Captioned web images
- - - - - - -

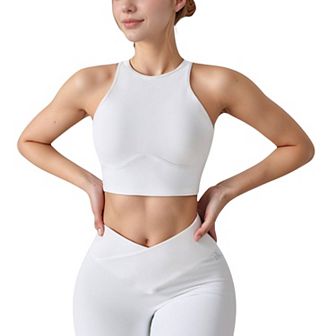 Women's High Neck Racerback Sports Crop Top with Seamless Compression Fit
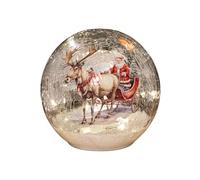 Samuel ALEXANDER 15cm Battery Operated Light up Santa Sleigh Crackle Glass Ball with 12 Warm White LEDs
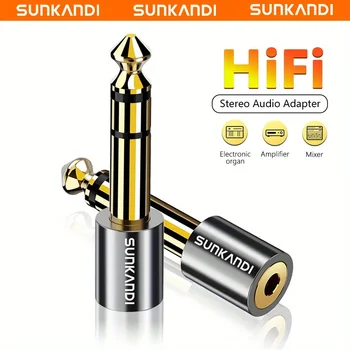 SUNKANDI 1/4 Zoll Stecker auf 1/8 Zoll Buchse Kopfhöreradapter, 6,35 mm auf 3,5 mm Audio-Klinkenadapter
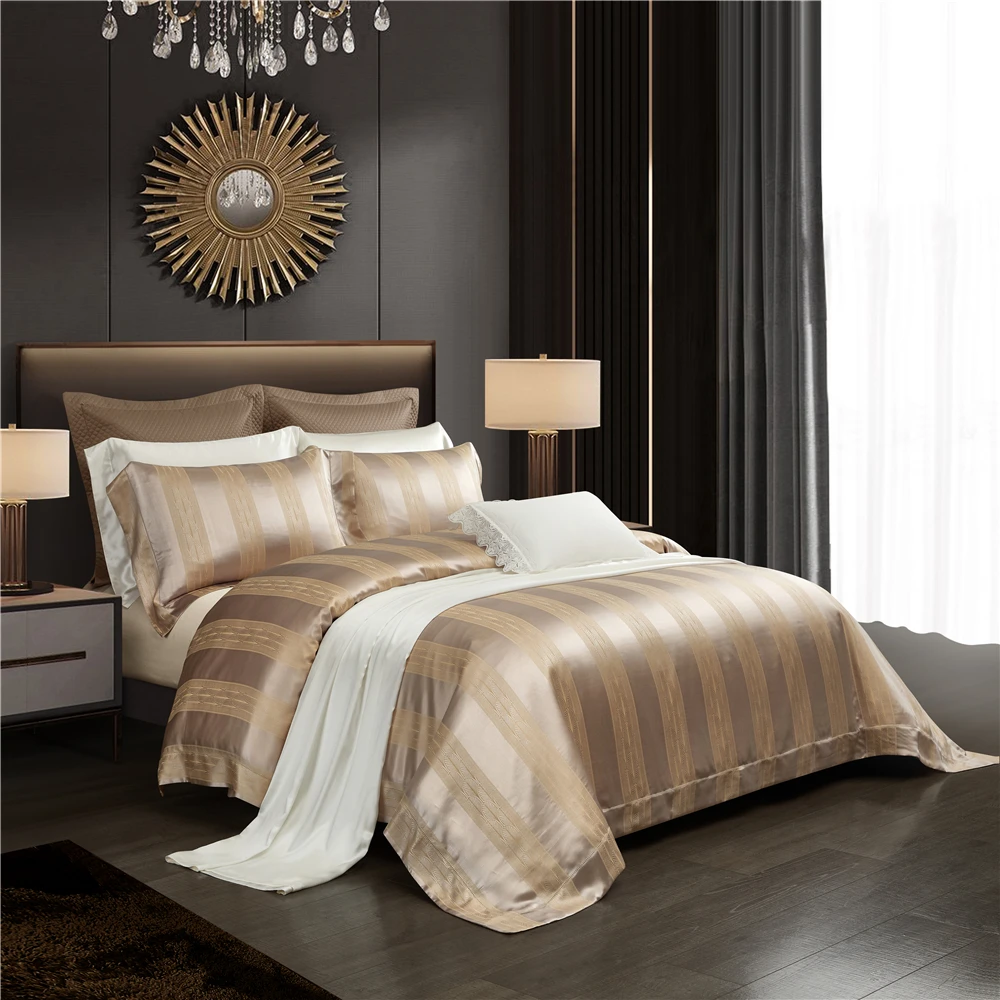 Mulberry Silk 4Pieces Bedding Set Yarn-Dyed Jacquard Duvet Cover Sheets Pillowcase Golden Stripes Design Enjoy Life Deeper Sleep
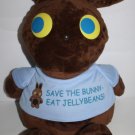 Dudleys Save Bunny Eat Jelly Bean Plush Chocolate Brown Easter Rabbit Blue Shirt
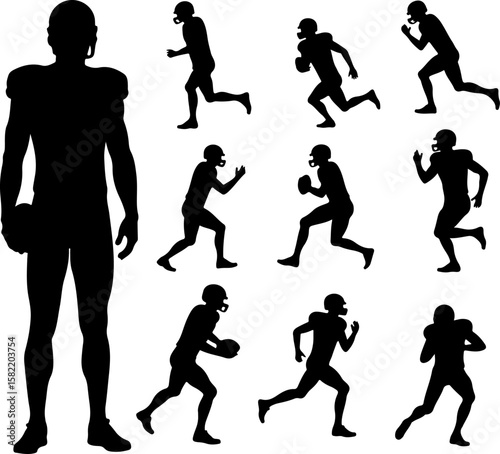 American Football Player Helmet  vector bundle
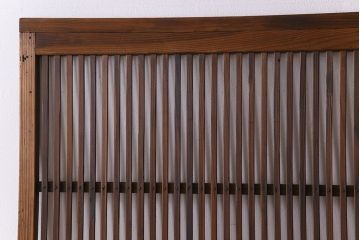 和製アンティーク　ジャンク品　クリアガラス帯の格子戸2枚セット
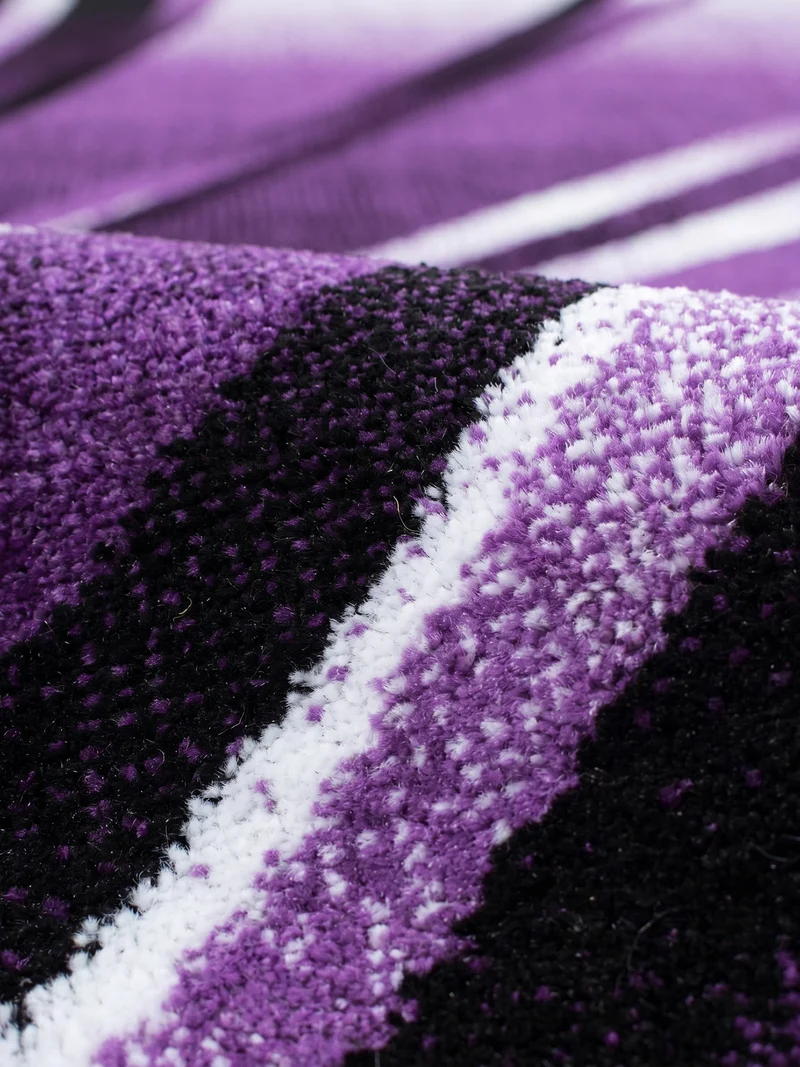 Kurzflor-Teppich Schwunglinien – Waschbar | Dynamisches Wellendesign | Heatset-Veredelung für Wolloptik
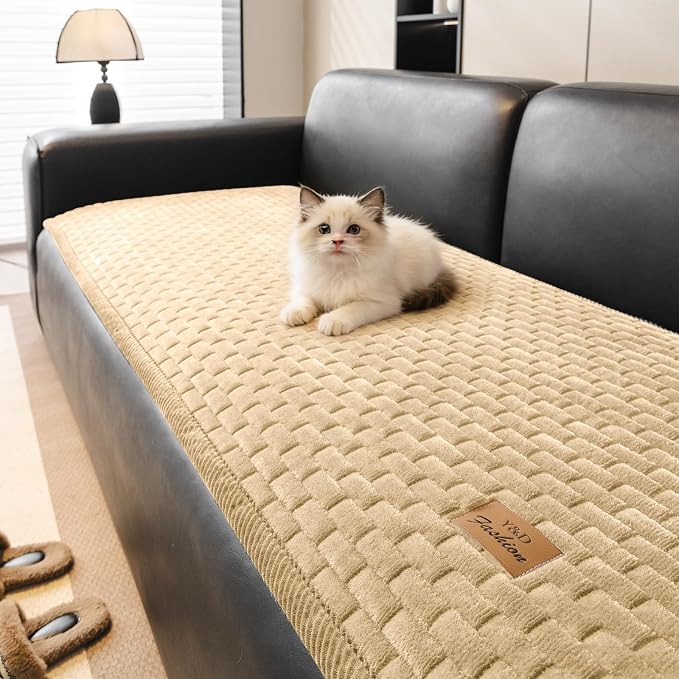 Couch Covers for Dogs Washable, Velvet Dog Couch Cover Protector, Fuzzy Plush Pet Sofa Cover for Loveseat, Sofa Covers for Pets(1,Light Brown,27.6"x59.1", 2 Seater Sofa Pad Cover) - Image 2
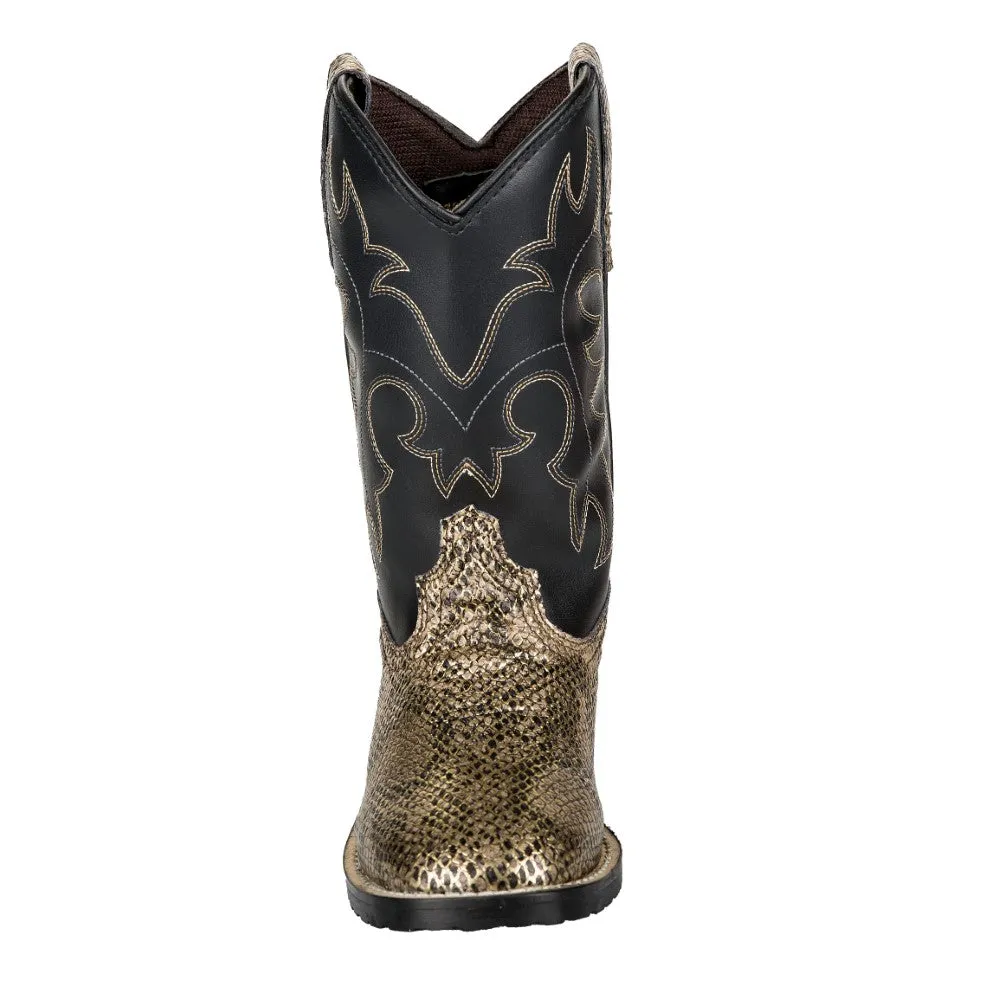 TuffRider Snake in My Boot kinderlaars zwart slangenprint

- - - - - - -

* [Work required]:
Output only the lines from the one that contains "Kurzflor-Teppich Schwunglinien –" to the end of the entries above, both end lines included, and drop the pictures.

* [The completed task]:
 Kurzflor-Teppich Schwunglinien – Waschbar | Dynamisches Wellendesign | Heatset-Veredelung für Wolloptik
 Couch Covers for Dogs Washable, Velvet Dog Couch Cover Protector, Fuzzy Plush Pet Sofa Cover for Loveseat, Sofa Covers for Pets(1,Light Brown,27.6"x59.1", 2 Seater Sofa Pad Cover) - Image 2
 TuffRider Snake in My Boot kinderlaars zwart slangenprint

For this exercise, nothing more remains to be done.